**Information supplied:**

↓

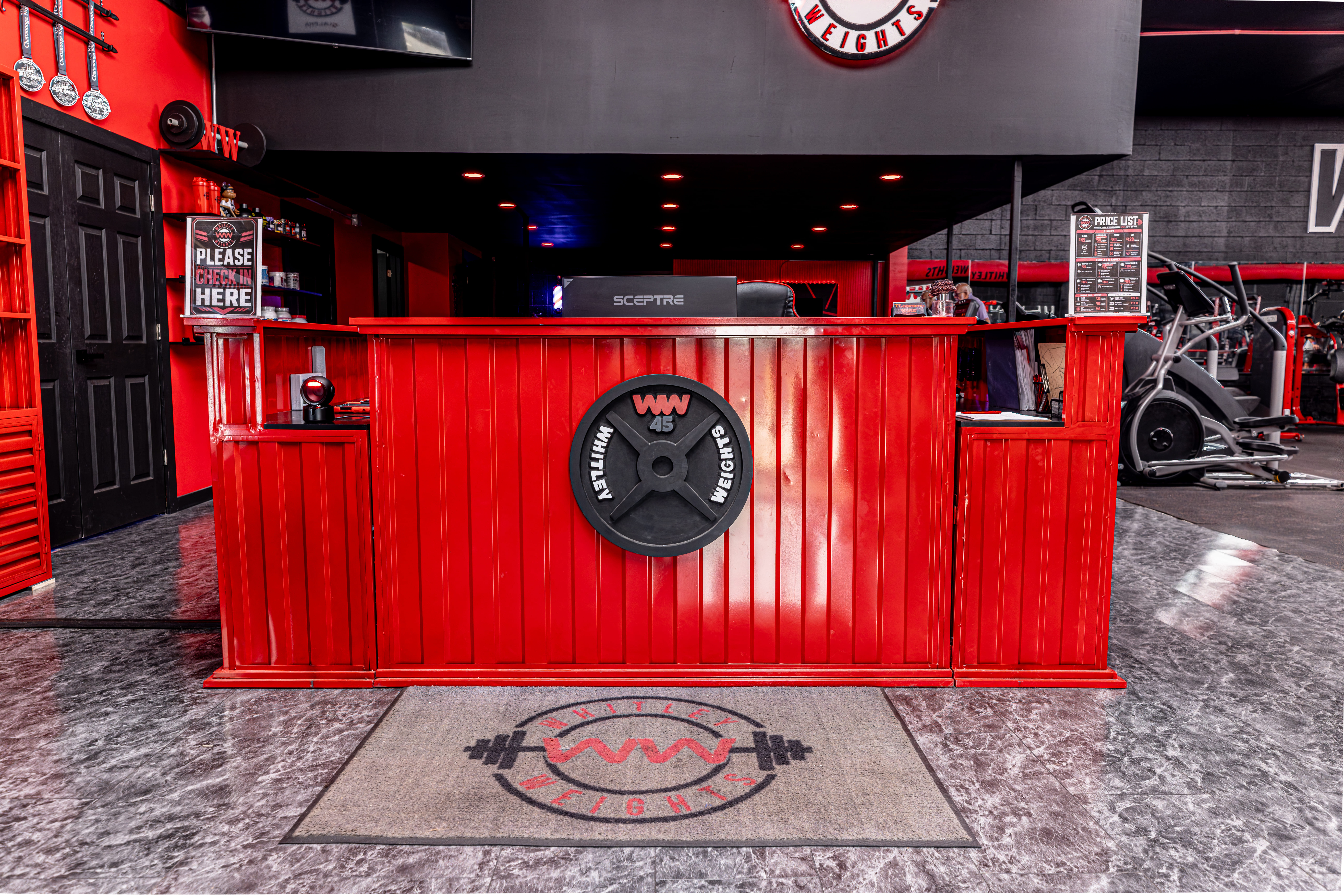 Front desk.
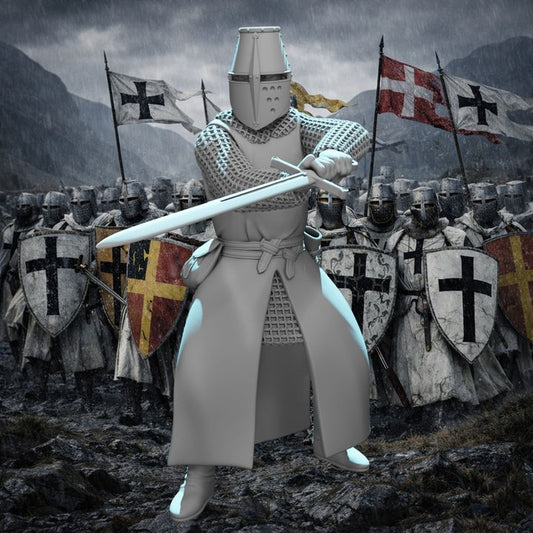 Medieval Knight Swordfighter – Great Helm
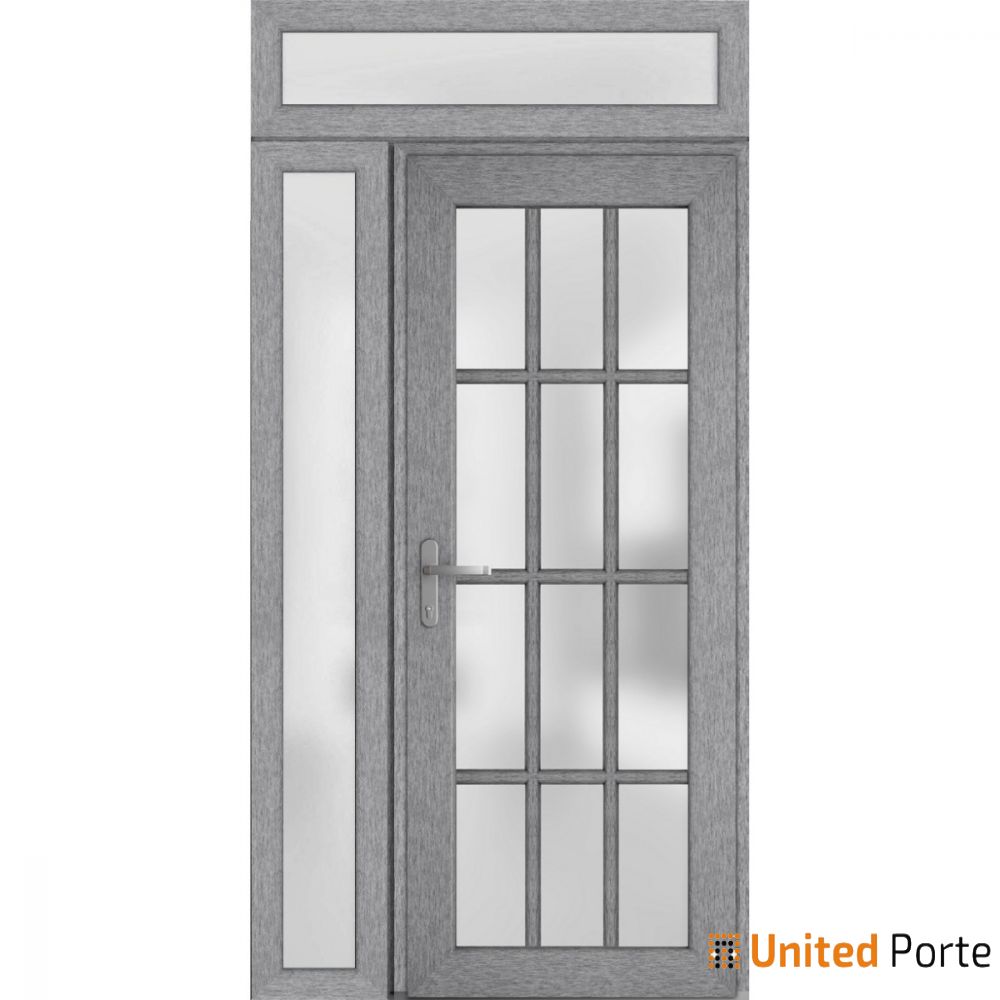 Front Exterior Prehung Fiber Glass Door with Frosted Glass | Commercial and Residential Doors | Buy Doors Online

↑

Return the listing unchanged, but drop every picture.

 Front desk.
 Medieval Knight Swordfighter – Great Helm
 Front Exterior Prehung Fiber Glass Door with Frosted Glass | Commercial and Residential Doors | Buy Doors Online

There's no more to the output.